Stored data:
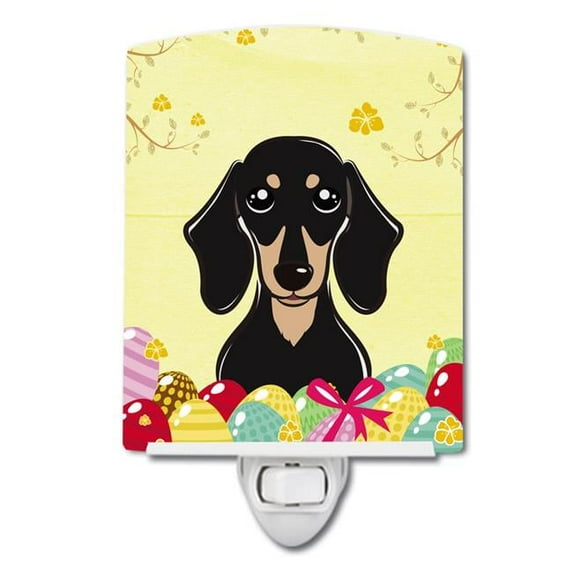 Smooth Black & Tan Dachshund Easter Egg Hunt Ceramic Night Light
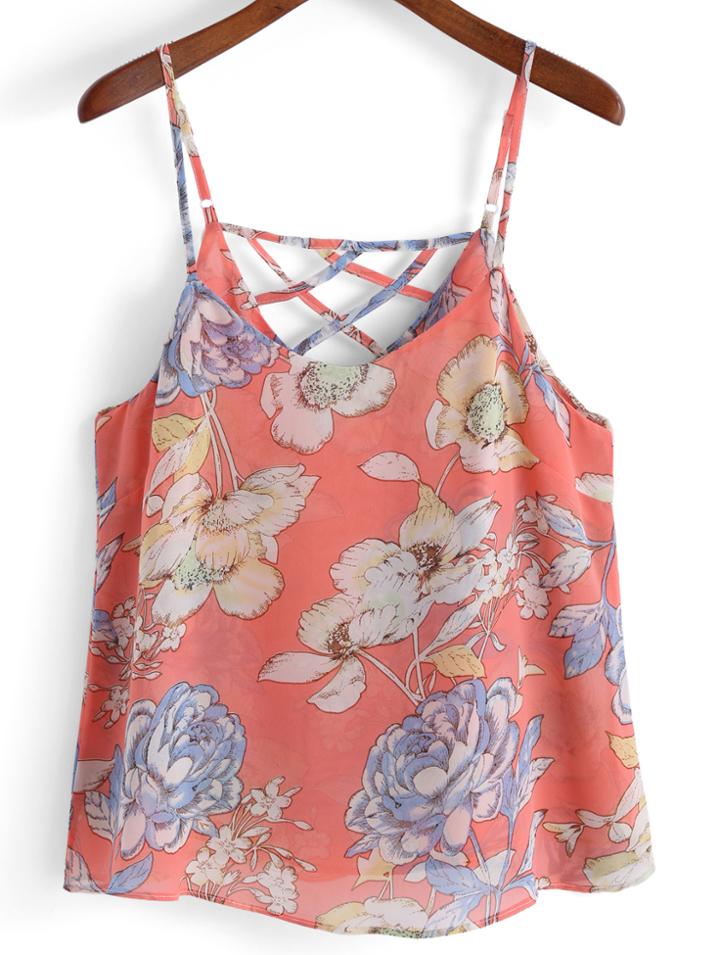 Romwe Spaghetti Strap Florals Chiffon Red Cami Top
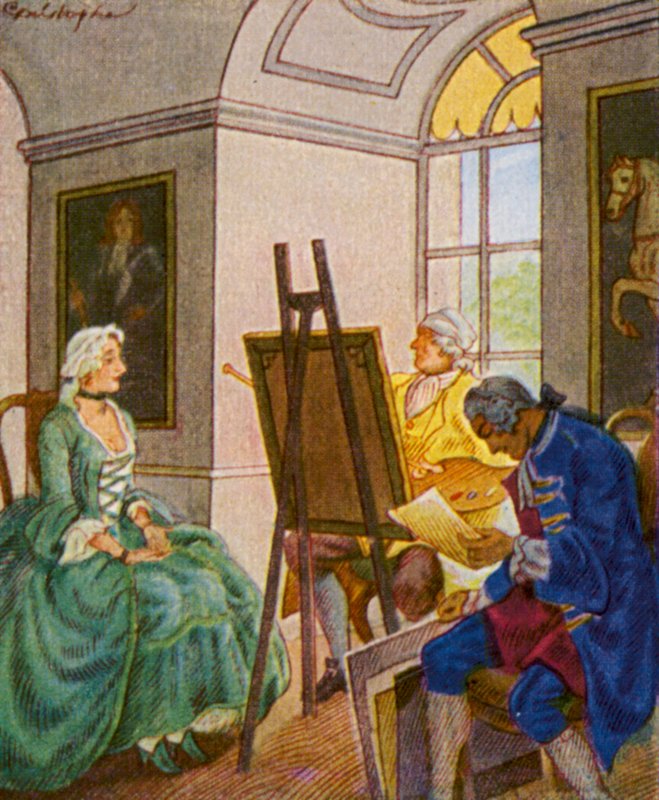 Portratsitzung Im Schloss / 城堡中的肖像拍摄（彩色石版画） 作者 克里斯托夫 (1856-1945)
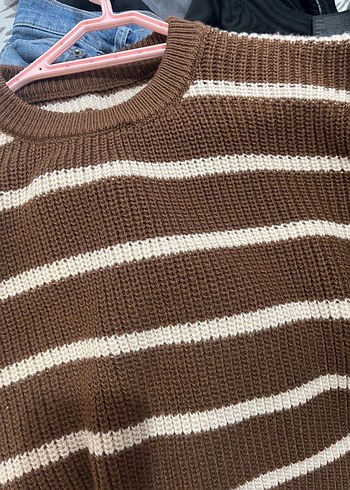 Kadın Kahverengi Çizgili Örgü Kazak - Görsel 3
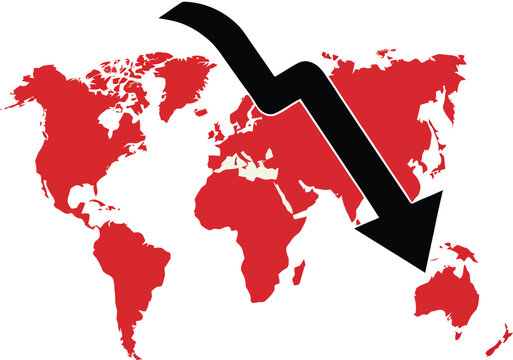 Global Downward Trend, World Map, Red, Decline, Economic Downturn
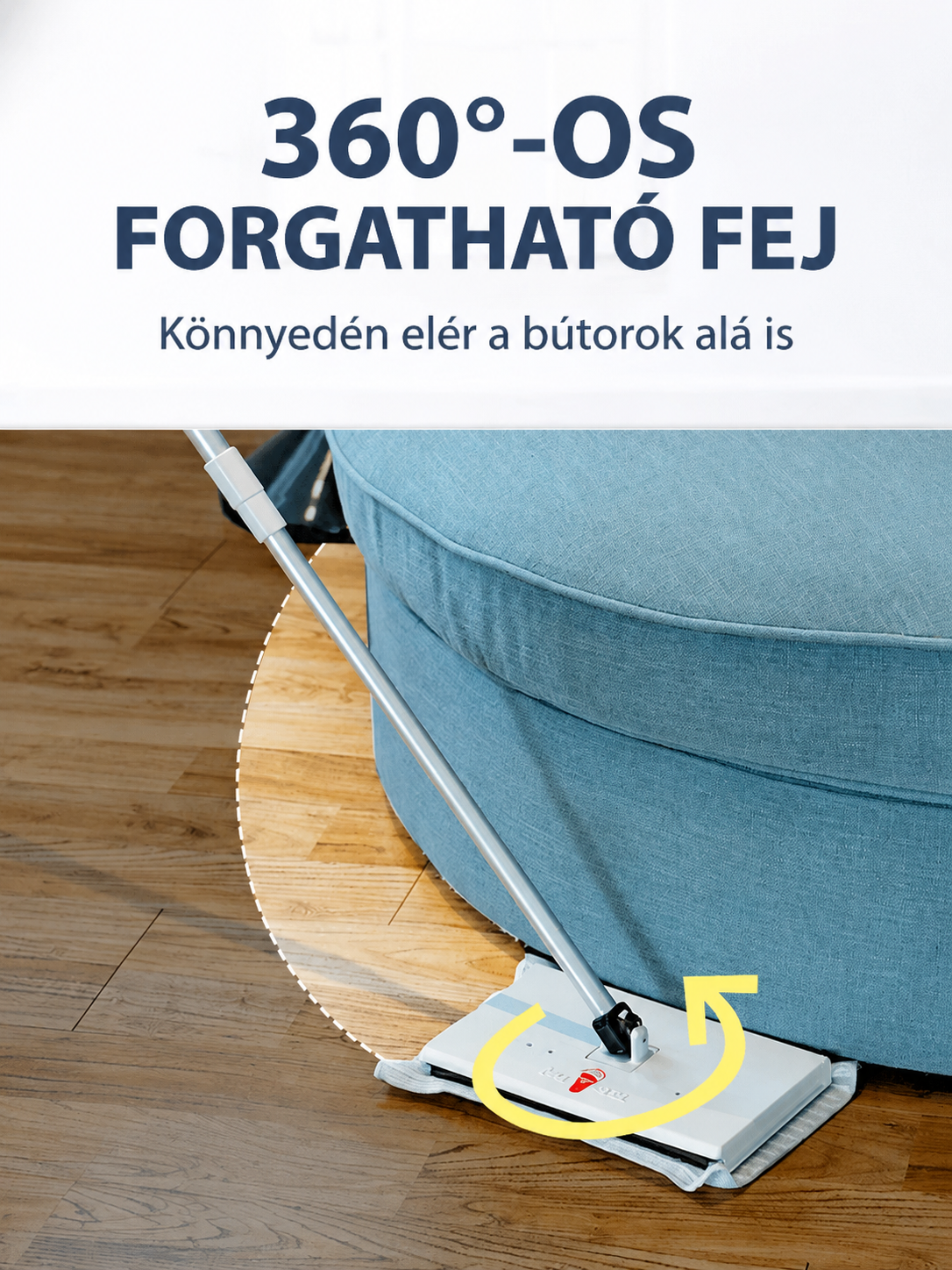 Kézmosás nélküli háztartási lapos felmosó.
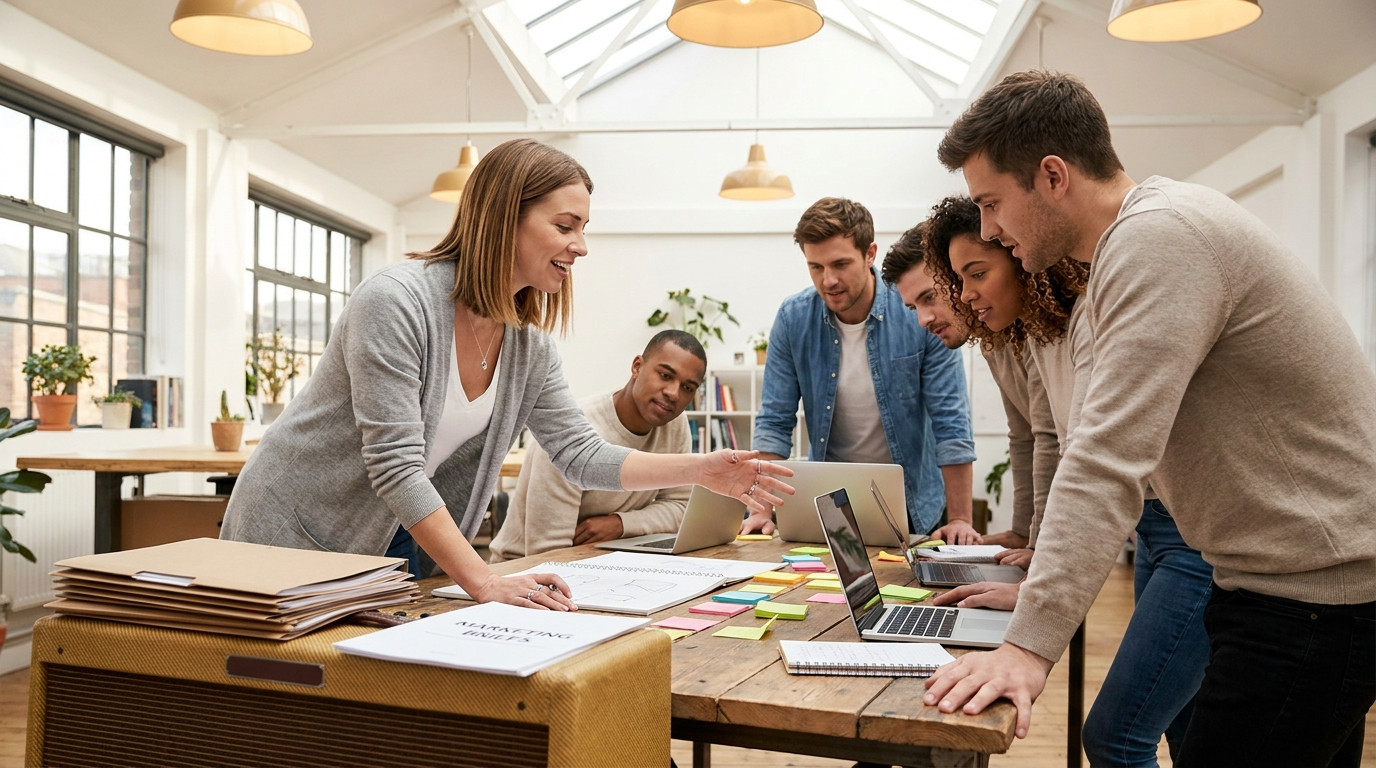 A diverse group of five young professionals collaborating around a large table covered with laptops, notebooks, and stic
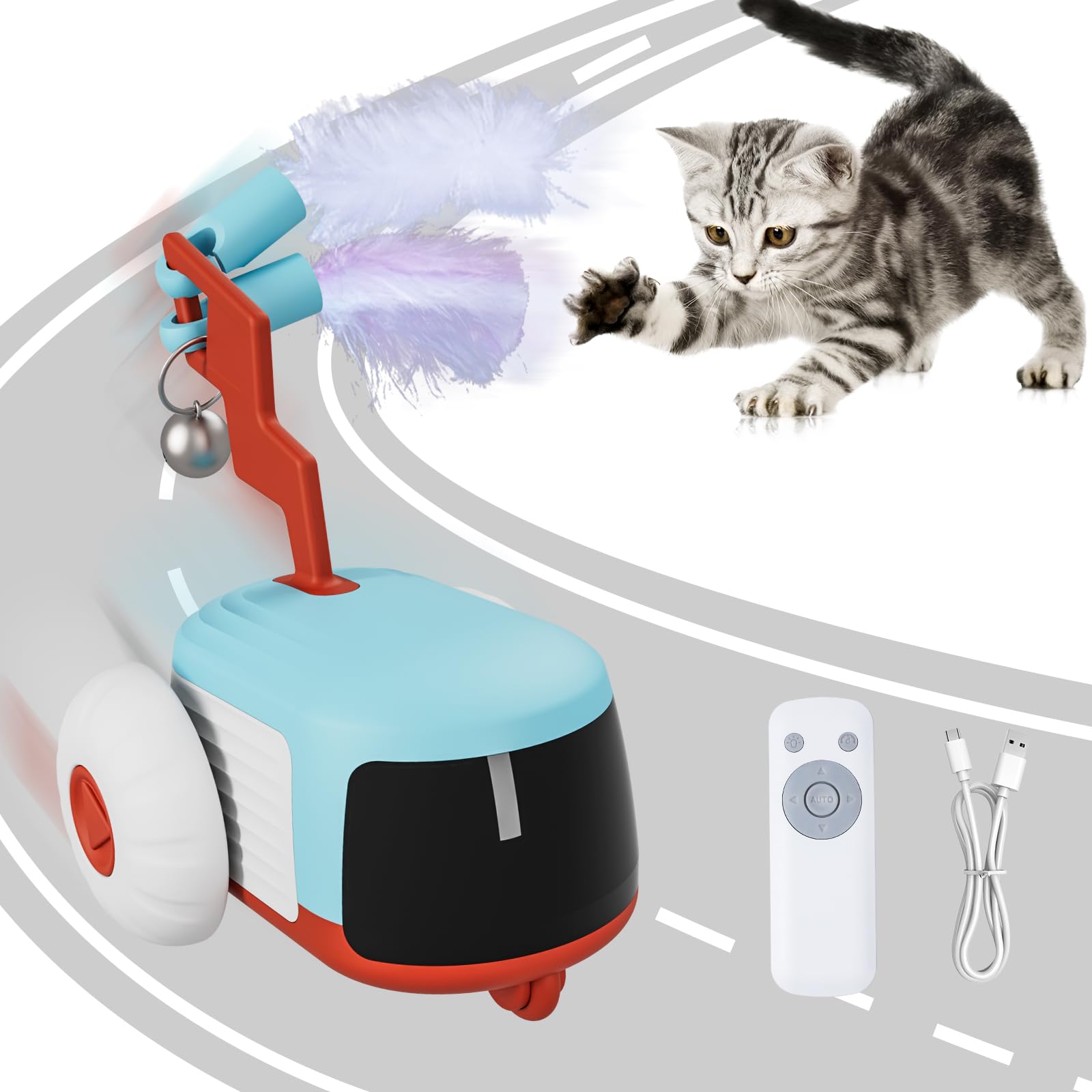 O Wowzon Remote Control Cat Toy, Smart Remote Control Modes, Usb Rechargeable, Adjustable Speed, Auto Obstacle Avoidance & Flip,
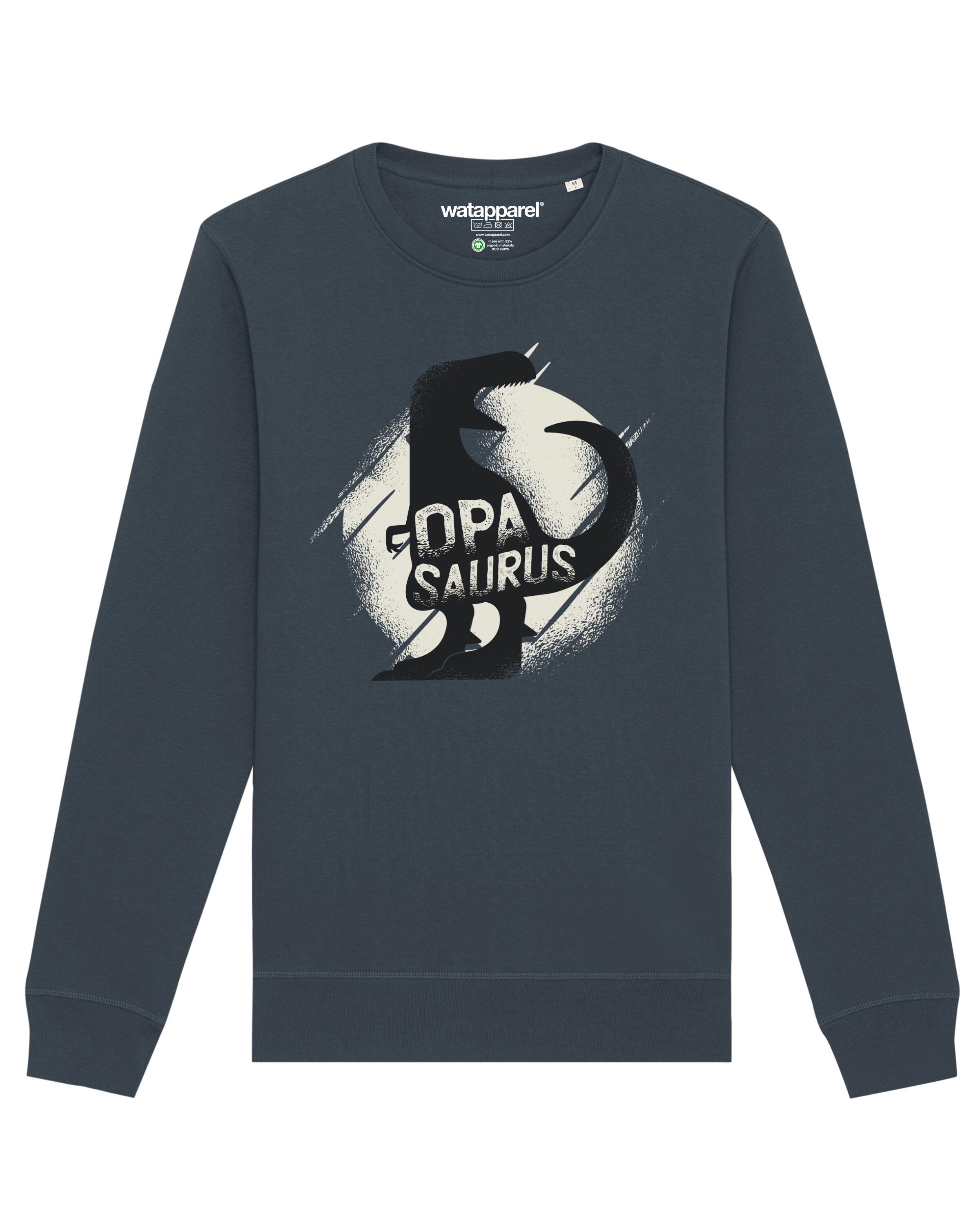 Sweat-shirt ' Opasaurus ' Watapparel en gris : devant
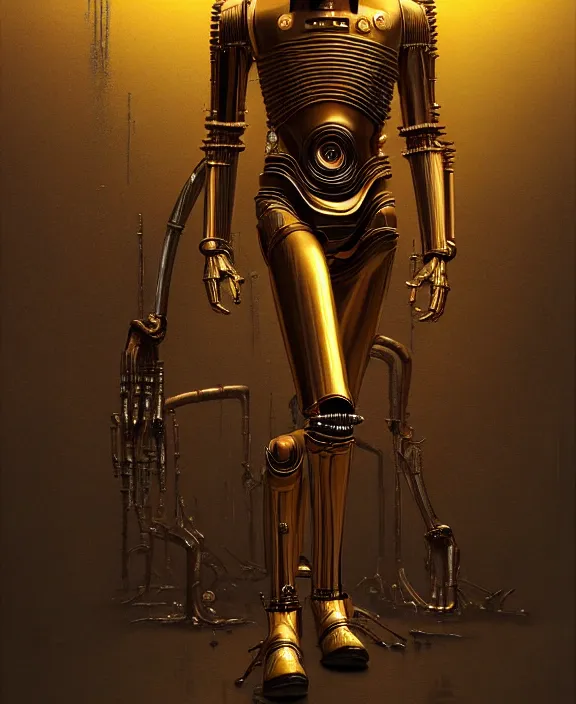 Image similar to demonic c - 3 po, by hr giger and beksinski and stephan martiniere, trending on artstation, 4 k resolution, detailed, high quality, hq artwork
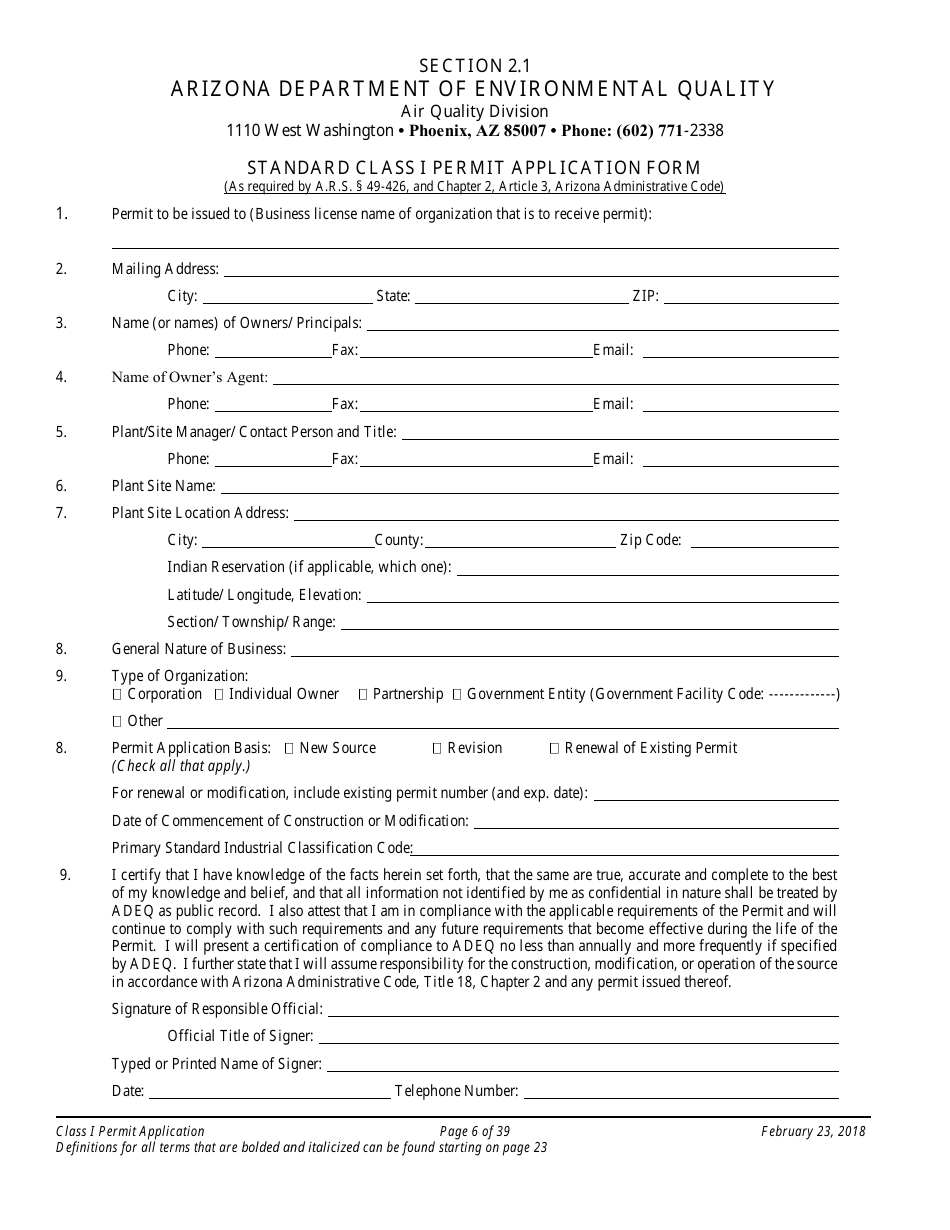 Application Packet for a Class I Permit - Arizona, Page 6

**WHAT THE TASK REQUIRES**
An exact copy of every entry above is required, without the pictures.

**EXERCISE OUTPUT**
 Smooth Black & Tan Dachshund Easter Egg Hunt Ceramic Night Light
 Romwe Spaghetti Strap Florals Chiffon Red Cami Top
 Portratsitzung Im Schloss / 城堡中的肖像拍摄（彩色石版画） 作者 克里斯托夫 (1856-1945)
 Kadın Kahverengi Çizgili Örgü Kazak - Görsel 3
 Global Downward Trend, World Map, Red, Decline, Economic Downturn
 Kézmosás nélküli háztartási lapos felmosó.
 A diverse group of five young professionals collaborating around a large table covered with laptops, notebooks, and stic
 O Wowzon Remote Control Cat Toy, Smart Remote Control Modes, Usb Rechargeable, Adjustable Speed, Auto Obstacle Avoidance & Flip,
 Sweat-shirt ' Opasaurus ' Watapparel en gris : devant
 Image similar to demonic c - 3 po, by hr giger and beksinski and stephan martiniere, trending on artstation, 4 k resolution, detailed, high quality, hq artwork
 Application Packet for a Class I Permit - Arizona, Page 6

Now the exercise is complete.